トロイトータル

コアモジュールプロト トロイトータル

本作でメインメカニックを務めるSRCのトロイトータルは、バンダイが映画公開時に販売したデラックスメカニック玩具『コアモジュールプロト トロイトータル』を用意して、撮影に使用した。

トロイトータルは、本作に登場する科学調査サークル・SRCの万能航空機。
その存在意義も、決して戦闘機ではないため、防御能力こそ高いものの、ミサイルや光線等の、いわゆる兵器的なお約束的武装は一切搭載されていない。
同時並行制作となった『ウルトラマンコスモス』テレビ版でも少し登場するが、そこで8年の歳月を経て結成された、テレビ版でムサシが所属する防衛組織TEAM EYESが使用する戦闘機・テックサンダーのコアモジュールシステムの、原型ともいえるシステムを搭載している。
そこで、メカニックシステムの変節と系譜で、映画版とテレビ版の8年の経過を、描写しようとする意図もあったのだろうと推察される。
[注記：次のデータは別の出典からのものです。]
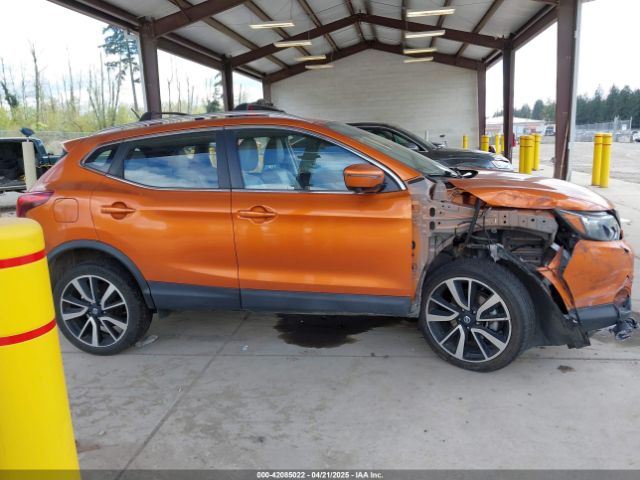 JN1BJ1CR7HW106222 Nissan Rogue Sport Sl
バンダイ コアモジュールプロト トロイトータル パッケージ

劇場版作品内では主に「SRC作戦ACT.1」「トロイ作戦ACT.2」と称して、呑龍相手にボクシングや冷凍噴射を、バルタン星人相手に子守唄演奏を、縦横無尽にやってのけた印象が強く、再現特撮する側としてみても、そこが注目だったが、商品はしっかりと機体下部から伸縮するマニュピレーターの先に、超大型グローブ・ドデカローブと、超大型ドデカスピーカーを換装可能。
そしてまた、機体本体は母船となるトロイA(別名「エアマザー」)と、コアモジュールとなるトロイB(別名「ベイビーコア」)とで、分離合体が可能な商品構造になっていてプレイバリューは高い。

トロイトータル 分離状態

しかし、現代の作品の現代の玩具であるのだから(正確には20年以上は前ではあるが)、劇中のブロップミニチュアに似ていて、ギミックも再現しているのは当たり前であろう。
むしろ今回は(演出の都合というのもあって)エアマザーのマニュピレーターの、可動範囲が予想以上に狭いことには、逆に驚かされた。
折りたたみ収納ギミックゆえにそのマニュピレーターは、関節部分から内側へ向けてはには(しかも二重関節で)可動するものの、縦軸の、肘の折れ曲がりで言えば、手前方向には一切曲がれないのだ。つまり、肘の二重関節と拳部のアタッチメント用ジョイント以外の可動部っぽい作りは、全部ダミーなのだ

ドデカグローブを装着したエアマザー

これでは、劇中で印象深かった、ボクシングファイティングポーズも決まらず格好がつかない。
加えて、作品映像中ではトロイBでもあるベイビーコアにも、ボクシンググローブとスピーカーのマニュピレーターが装備されているのだが、こちらは全く玩具では再現されていなかったことも悔やまれる。

ドデカスピーカーを装着したエアマザー

確かに飯島敏宏監督ならではの個性が反映された、トロイトータルの、それらマニュピレーターを駆使して展開される、愉快でファンタジックなギミックは、良く言えば既存や流行のメカ演出に囚われれない、自由奔放な発想の賜物ではあるし、CG技術の自在性を巧みに取り入れた、映像的なマジックを活かしたアイディアでもあるが、悪く言えば、いわゆる合体・変形メカにあるべき合理性が全くないギミックでもあり、それを玩具で完全再現しようというのは、未だに『ゲッターロボ』(1974年)の完全合体変形玩具が、不可能であるのと同じくらいに無理があって、また痛快であるともいえたのだ。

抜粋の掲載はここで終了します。